Please make sure the contents of your files match standard file extensions. The automation pipelines are sensetive to file extensions.

Workflow Process:

  1. Merge to Main: When raw data on the develop branch is merged into the main branch, conversion workflow is triggered.
  2. Conversion: The workflow processes raw data into the stable format (HDT).
  3. Stable Branch Creation: Upon successful processing, a new stable branch is created, following the stable_v* naming convention.
  4. Tagging: After successful push, the stable branch is tagged with the corresponding version number.
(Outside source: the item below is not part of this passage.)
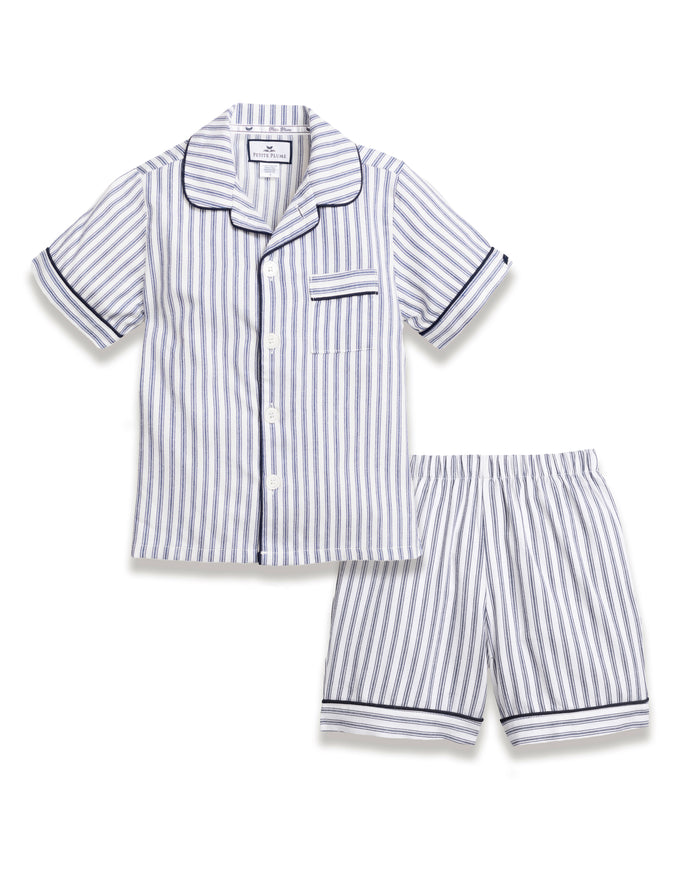 The Kids Twill Pajama Short Set in Navy French Ticking by Petite Plume features a short-sleeve button-up shirt and shorts, crafted from yarn-dyed cotton with vertical blue and white stripes. It includes contrasting piping, a notched collar, a chest pocket, and elastic waistband for ultimate comfort.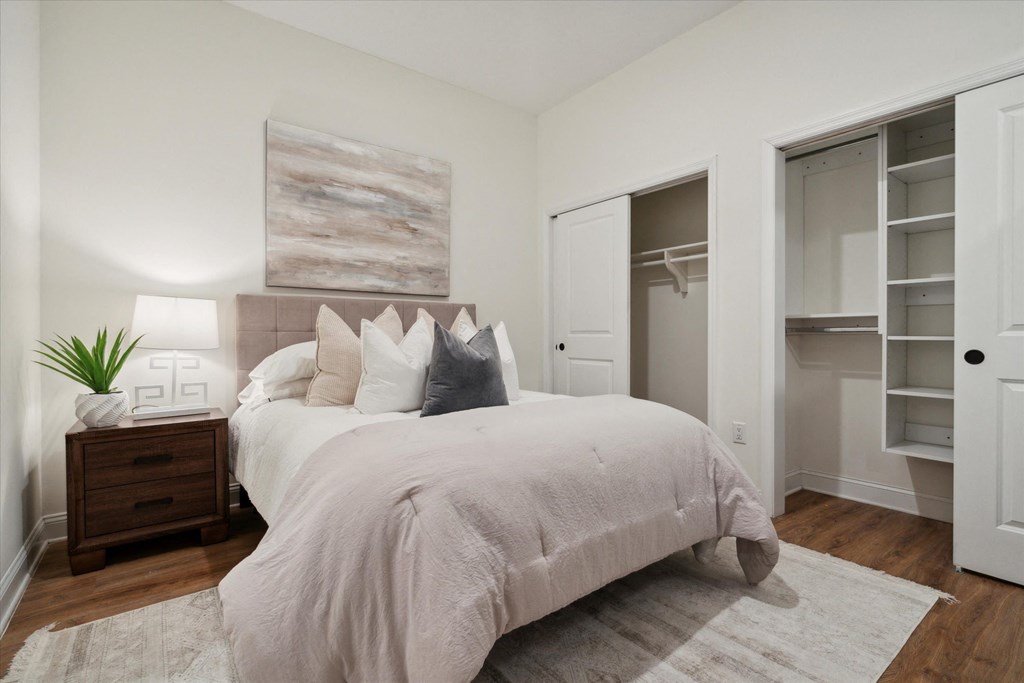 a bedroom with a large bed and a closet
Tagging and Version Control

Tags provide a crucial mechanism for keeping track of stable dataset releases. The tag on the main branch represents an official release of the dataset and will trigger deployment pipelines.

Tagging Process:

  • Automated Tag Creation: Tags can be automatically created after successful validation of the dataset. This ensures data reliability and minimizes manual intervention.
  • Naming Convention: Tags should follow the version format used in the stable branch, such as v0_90_1 reformatted to v0.90.1.

Events Triggering Automation

To achieve automated deployment, two key events can be monitored:

Event 1: Merge from Develop to Main

  • Trigger: Merging raw data from the develop branch to the main branch triggers ETL pipelines.
  • ETL Output: Once the ETL process is complete, the system pushes the new dataset onto a stable branch.

Event 2: Tag Creation

  • Trigger: Tag is created, marking the official release of the dataset.
  • Deployment: The creation of this tag initiates an automatic deployment process, loading the new dataset.

Summary of Versioning Workflow

  1. Graph Data: Changes made in the develop branch by data owners.
  2. Merge to Main: Graph data is merged into the main by data owners.
  3. Processing: Automation triggers conversion pipelines to process incoming data.
  4. Stable Dataset: Automation HDT format of new data is pushed to a new stable branch.
  5. Tagging: stable branch is automatically tagged with the corresponding version number.
  6. Deployment: The tag creation triggers an automatic deployment process.